─── Information supplied ───

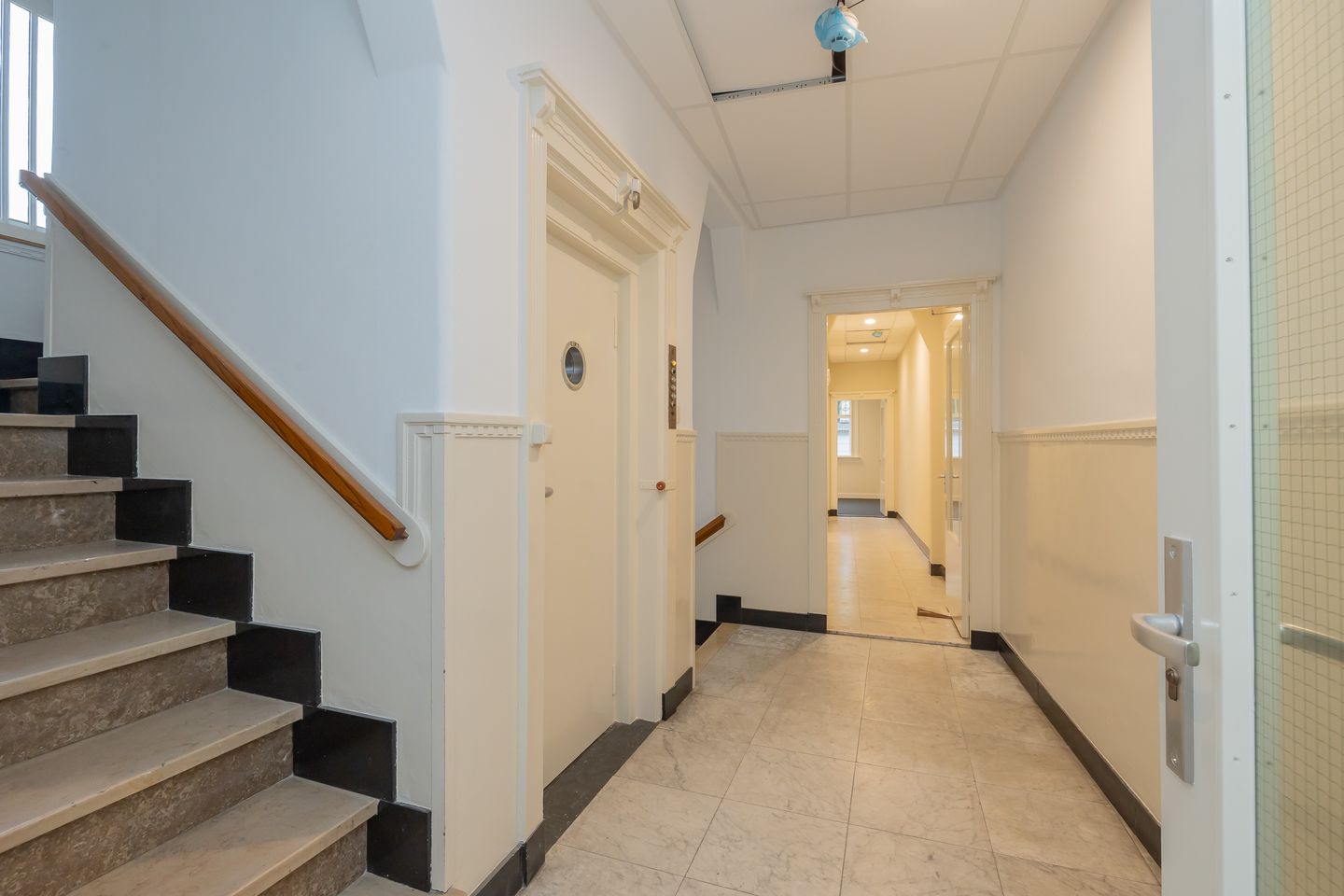 View photo 4 of Prins Hendrikkade 84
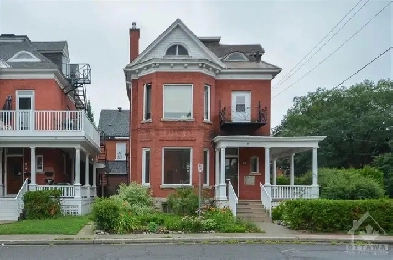 Bright two-bedroom apartment located in charming Sandy Hill Image# 1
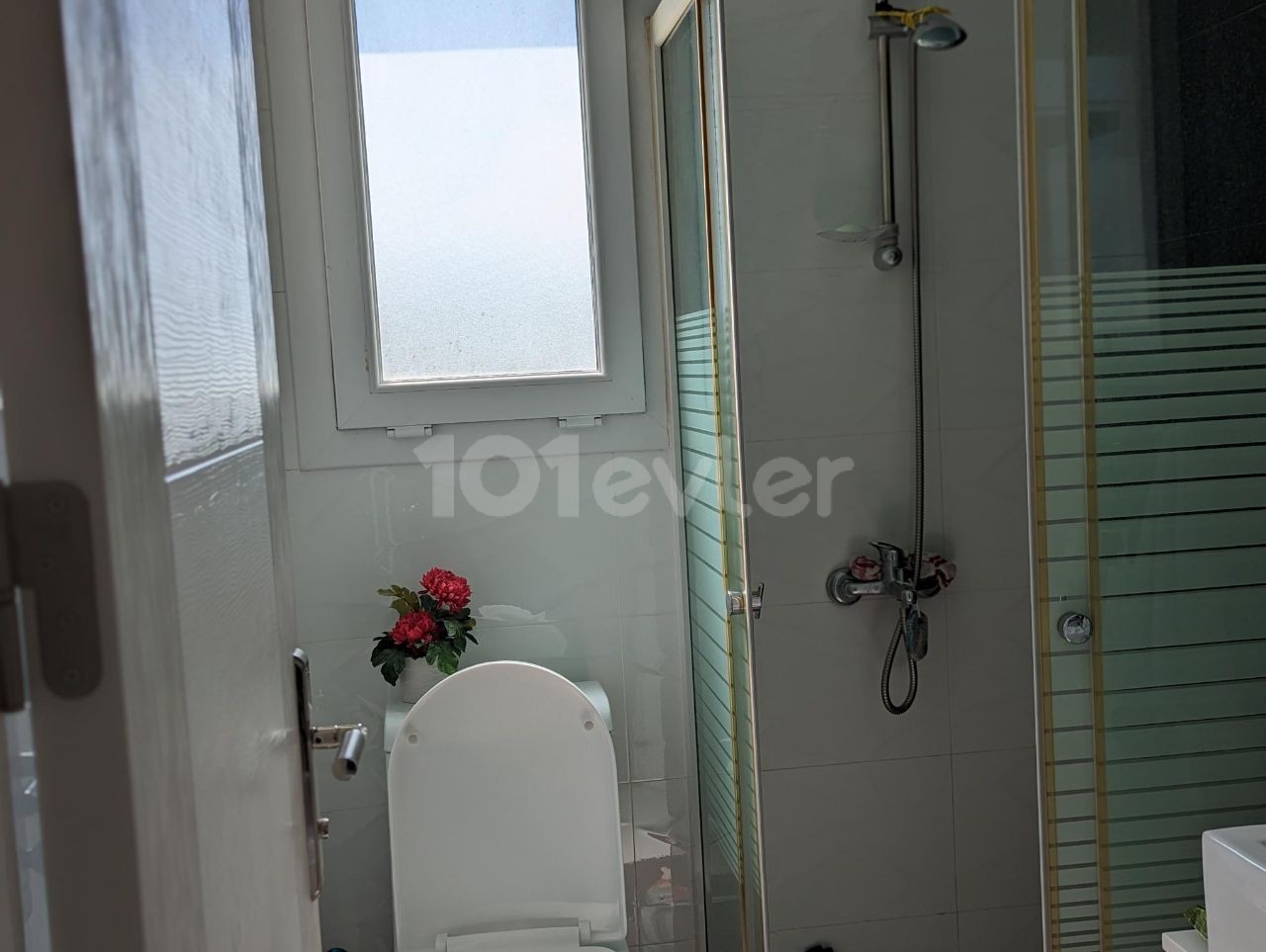 LEFKOŞA DEREBOYUNDA, TURKISH COB, HIGH PREFERENCE RATE AND VERY GOOD LOCATION, 135 SQUARE METERS, 3+1, GUEST TOILET AND ADDITIONAL TWO SHOWER-TOILET, 1ST FLOOR ABOVE THE COLUMN, ELEVATOR, SPACIOUS, LUXURY APARTMENT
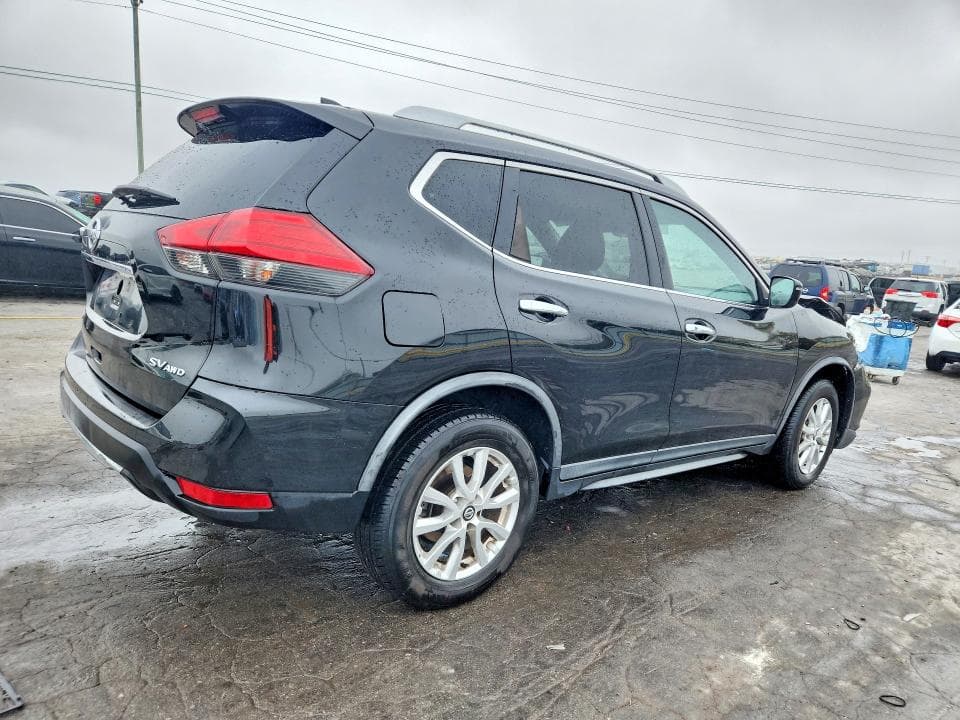 2017 NISSAN ROGUE SV 3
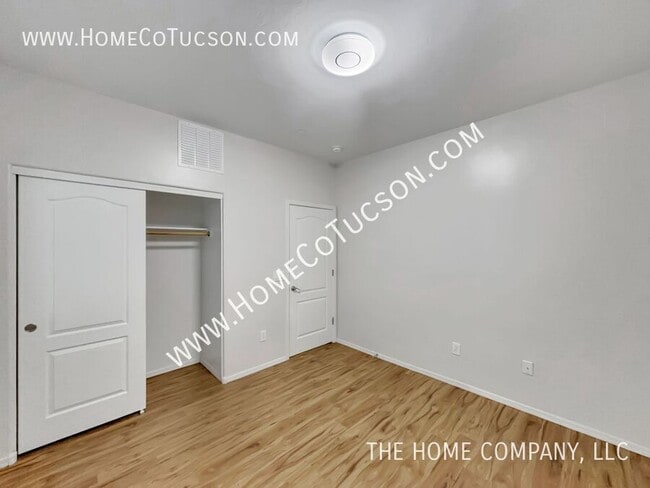 Building Photo - 11500 N Vista Ranch Pl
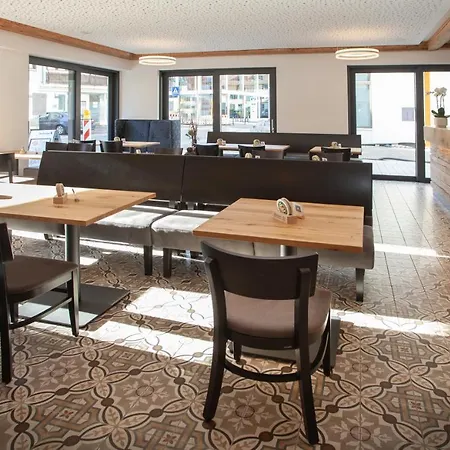 Rose Bistro & Gaestezimmer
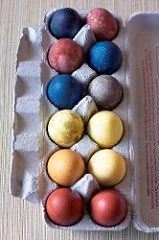 Naturally dyes. Photo Source: Andrea Pacheco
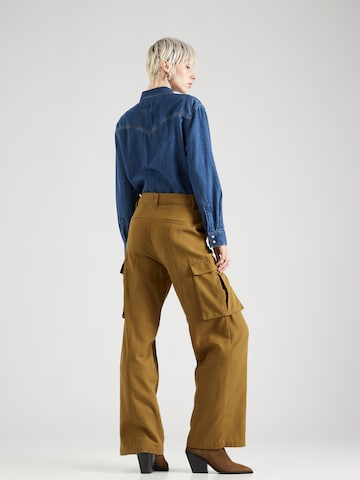 Wide leg Pantaloni cargo di QS in marrone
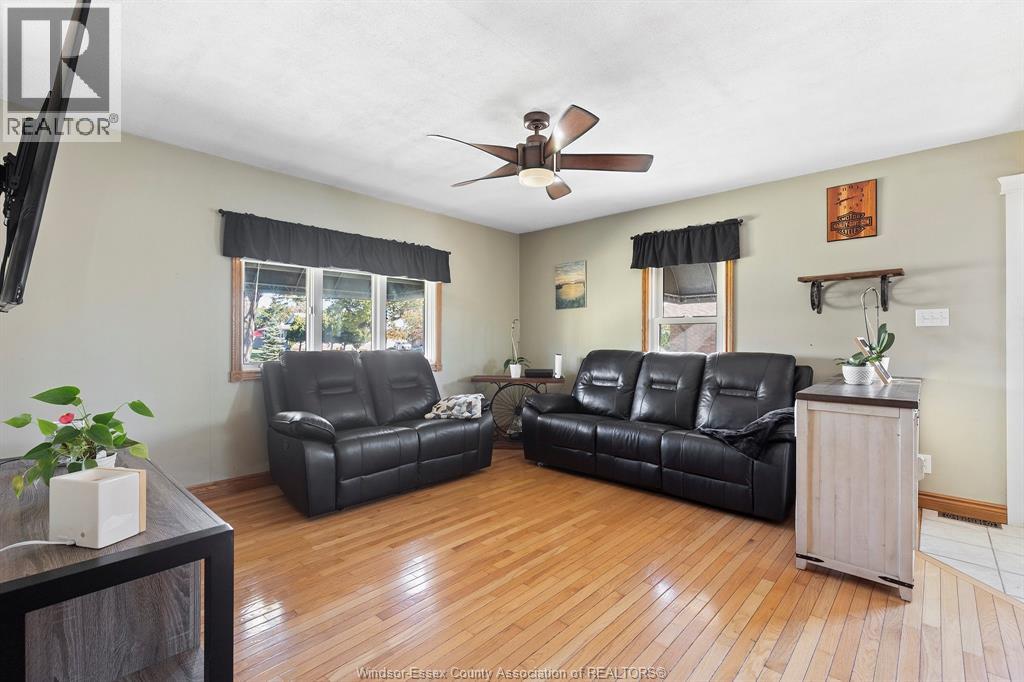 4095 Baseline, Windsor, Ontario N9A 6J3 - Photo 16 - 25028239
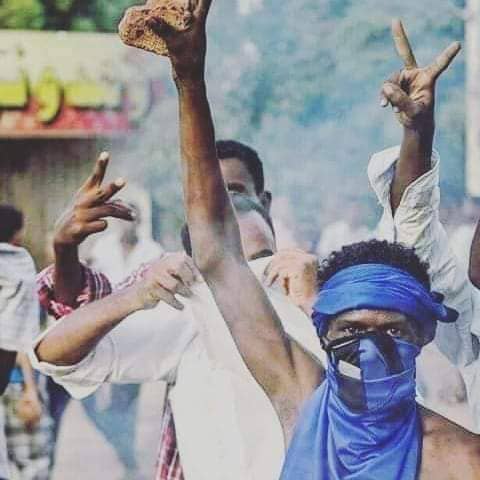 mamounsaed's tweet photo. #Cities_of_Sudan_are_fading 🇸🇩
#Atbara_rises 🇸🇩
#Revolution_is_the_choice_of_the_people 🇸🇩
#Civil_disobedience_in_Sudan 🇸🇩
#مدن_السودان_تنتفض 🇸🇩
#عطبرة_تنتفص 🇸🇩
#الثورة_خيار_الشعب 🇸🇩
#العصيان_المدني_في_السودان 🇸🇩 https://t.co/R08RBLASu2 https://t.co/inXo5D9DvN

───

Your answer should be the line with "#الثورة_خيار_الشعب 🇸🇩" and all lines after it in the listing above, repeated exactly. No other lines belong.

Completed exercise >>
#الثورة_خيار_الشعب 🇸🇩
#العصيان_المدني_في_السودان 🇸🇩 https://t.co/R08RBLASu2 https://t.co/inXo5D9DvN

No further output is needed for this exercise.